Sen. Bernie Sanders (I., Vt.) blasted "conservative Democrats" who take him out of context while defending remarks he made about former President Barack Obama that some viewed as dismissive of his legacy.
Speaking earlier this month, Sanders said the business model of the Democratic Party had been a "failure," and Democrats had failed to see that because "there was a charismatic individual named Barack Obama, who won the presidency in 2008 and 2012."
He took heat from black Democrats who felt he was dismissing the achievements of the first African-American president. However, MSNBC host Al Sharpton, who interviewed Sanders at the National Action Network conference, said Sanders actually praised Obama with the remarks.

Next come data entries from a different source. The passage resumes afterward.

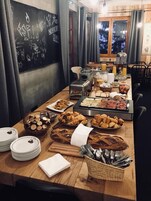 Tägliches Frühstücksbuffet gegen Gebühr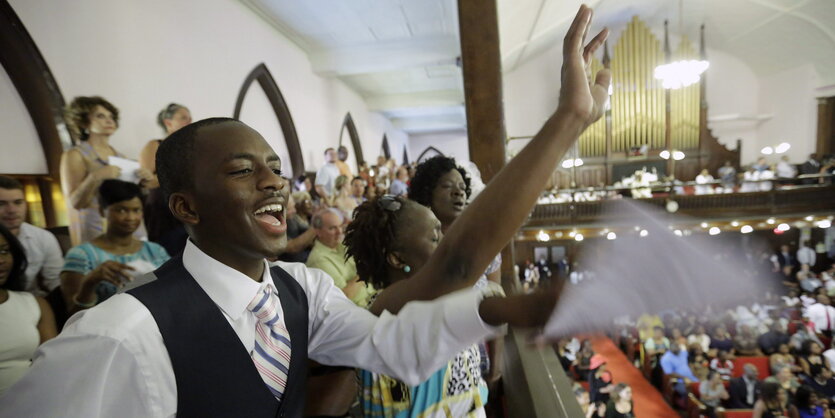 Betende Afroamerikaner in der Kirche von Charleston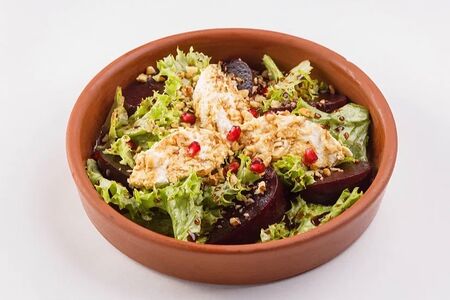 Салат со свеклой и домашним сыром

"What really bothers me is—look, I don't have to explain politics to you. You know it as well as anybody," Sanders said. "We have conservative Democrats who will take anything that I say and try to take it out of context. What I said is … if you look at what's happened to the Democratic Party over the last 10 years, the Democratic Party has lost about 1,000 legislative seats."
Sanders said roughly half the country lived in states controlled by "right-wing extremists."
"That is not a business model of success for the Democratic Party," he said. "What I said is sometimes we forget about that, because you had an extraordinary president, an extraordinary candidate … They forget about what was happening at the grassroots level."
Sanders went on tell Sharpton it was a "disgrace that the Democratic Party is not a 50-state party."
"How do you concede states like Mississippi or South Carolina or Idaho … or Kansas? You can't be a strong national party unless you exist in 50 states," he said.